I have read many posts on this forum and feel a bit late to the very sad party…I am still feeling so lost without my husband/ partner of 30 years …even though it was three years ago next thursday…I was numb for so long …needing to be strong for everyone else …but I am now realising actually for myself . Dont really know what else to say other than,that for the most part I still find joy in so many things …our children (in their late twenties) our grandson (nearly 10) my wonderful friends …not necessarily the same ones sadly…

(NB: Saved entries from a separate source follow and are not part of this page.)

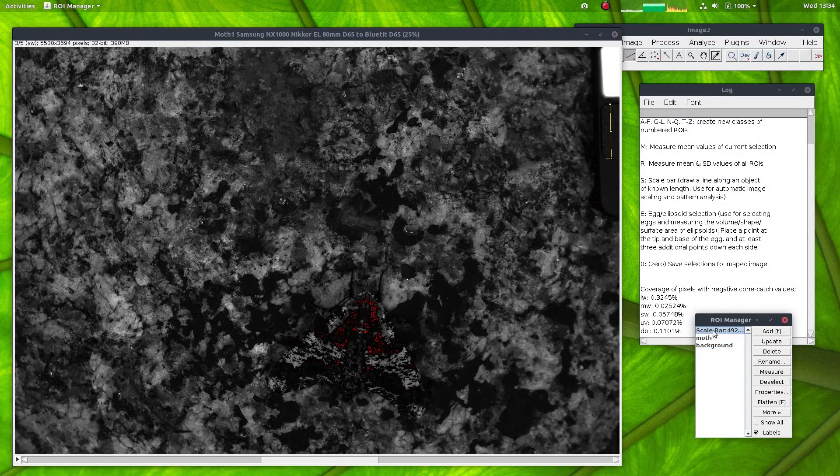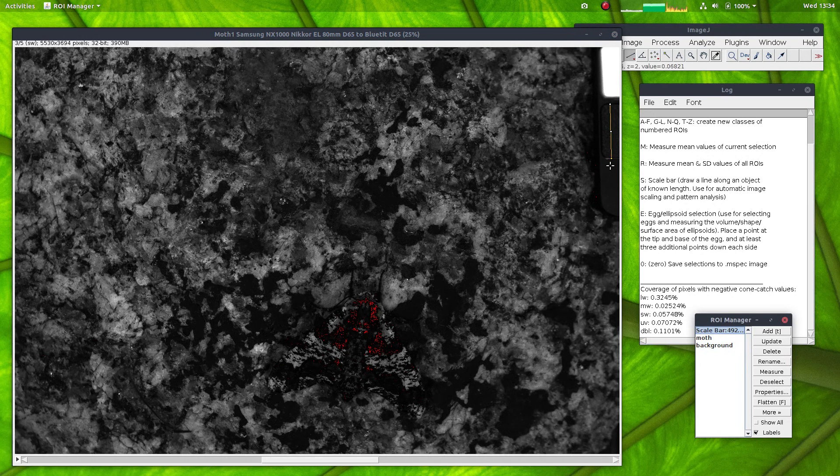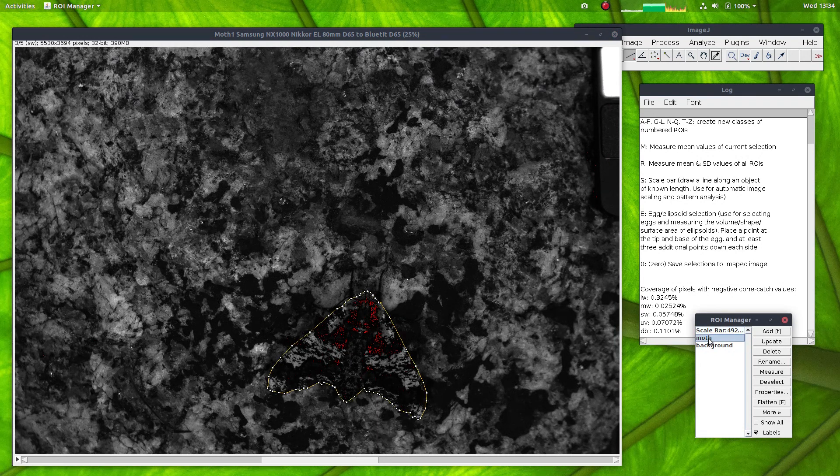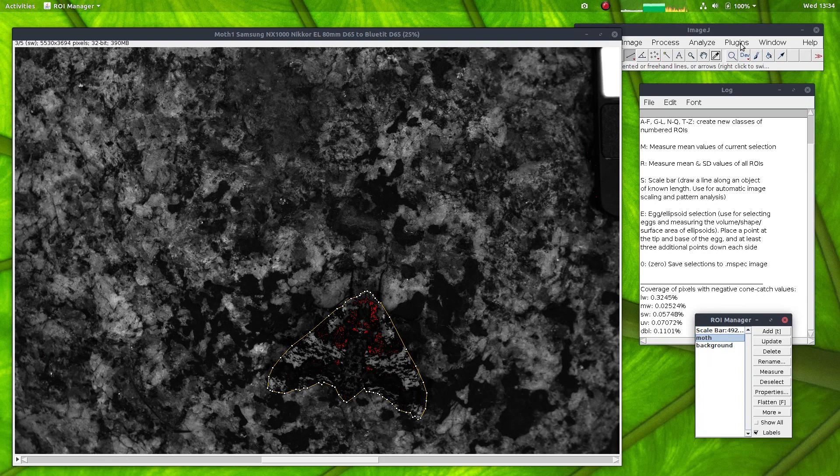I've also already had a scale bar selected in this image. So it's ready to go for the QCPA framework.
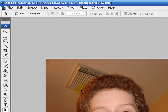So today I'm going to show you how to remove a picture from its background. I'm using a picture of me that I took a while ago.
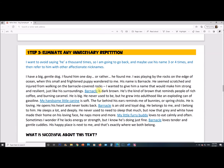Next: eliminate any unnecessary repetition. I want to avoid saying 'he' a thousand times, so I'm going to use his name three or four times and refer to him with affectionate nicknames. I swapped out five instances of 'he' — using Barnacle three times, then 'my handsome little canine' once, and 'my furry little buddy' once. You may not always need to do this, but even if you're writing about trees, you might want to find other ways of saying 'tree.' It's a way to make your writing better by not relying on the same word all the time.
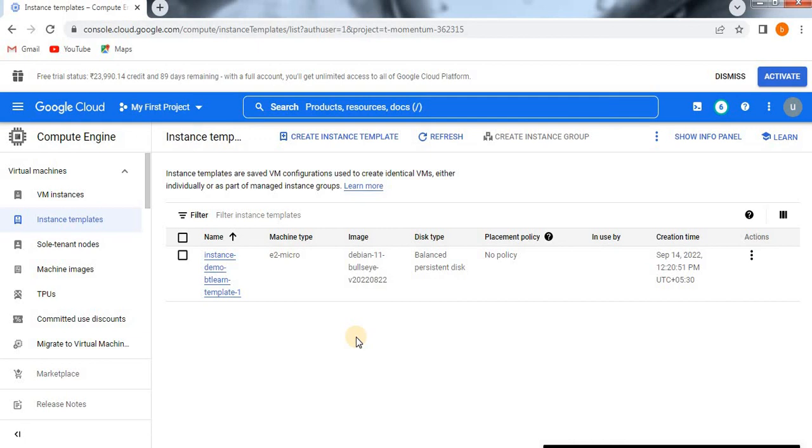If you want to search in my channel and it is difficult, then I will place the URL in the description box as well. You can directly go from there to see how to create a virtual machine using instance template. You can directly click on the description box URL link, so that you will be redirected to that particular video. If you like this video, please do like and subscribe to my channel. Thank you so much.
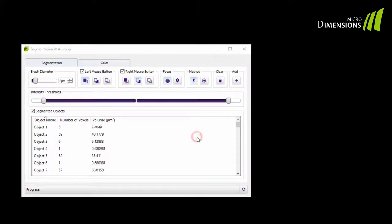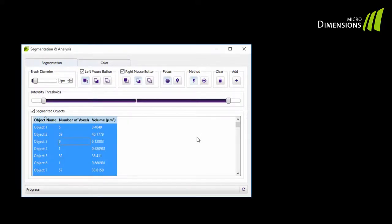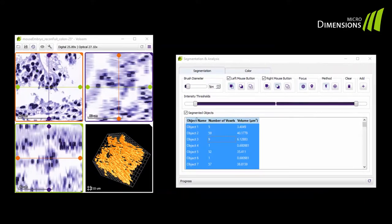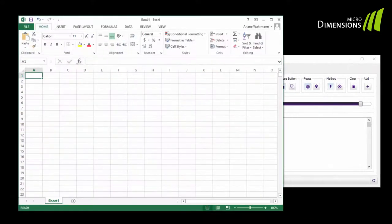You can now copy and paste the results into any kind of statistical analysis software that you like to use. Just click inside the results table, hit CTRL and A to select all objects, CTRL and C to copy them and open for example Excel to paste them with CTRL and V.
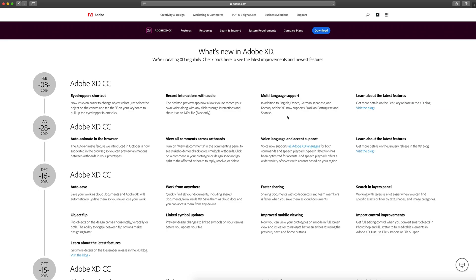And this last one adds to the multi-language support. So now in addition to English, French, German, Japanese, and Korean, Adobe XD now supports Brazilian Portuguese and Spanish.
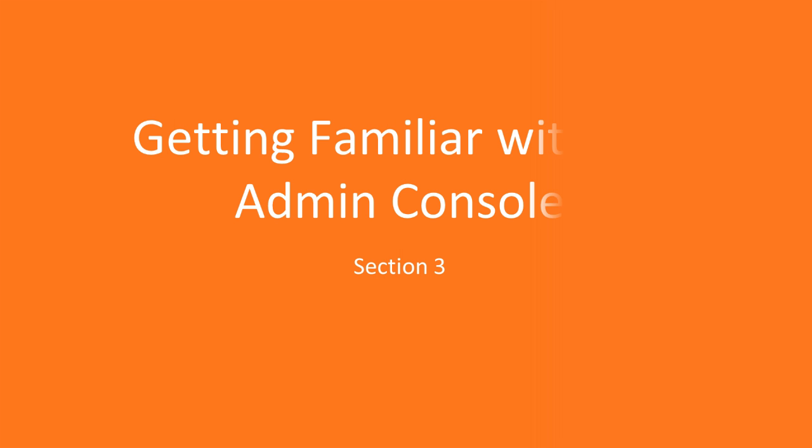Hey guys, welcome to Section 3, getting familiar with the Informatica Admin Console.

There is no late or early arrival here on this forum , we all grieve in diffrent ways and three years on doesn’t mean you have suddenly got over your loss , I expect in three years I too will be posting here now and again to receive a little comfort
Hi. Sam, and a warm Welcome to the site. There is no time limit to grief. One year or twenty, it can still happen at times that we feel down and lost. Time is really irrelevant in grief. That you can find some joy in so many things is a major step forward. You have a family, which so many of us don’t have. You are right about so called ‘friends’. Many of mine have dropped away, but the real ones still keep in touch. You are in the right place for virtual friends. I have made friends on here that are so kind and helpful.
As Geoff-tee says, it’s never too late to come on here, and better late than never. I do hope you will come back and talk. It’s not so much about helping ourselves, although that is important, but giving others help in a similar situation. We all learn from experience, and what we have learned in bereavement we can pass on to others, Blessings. John.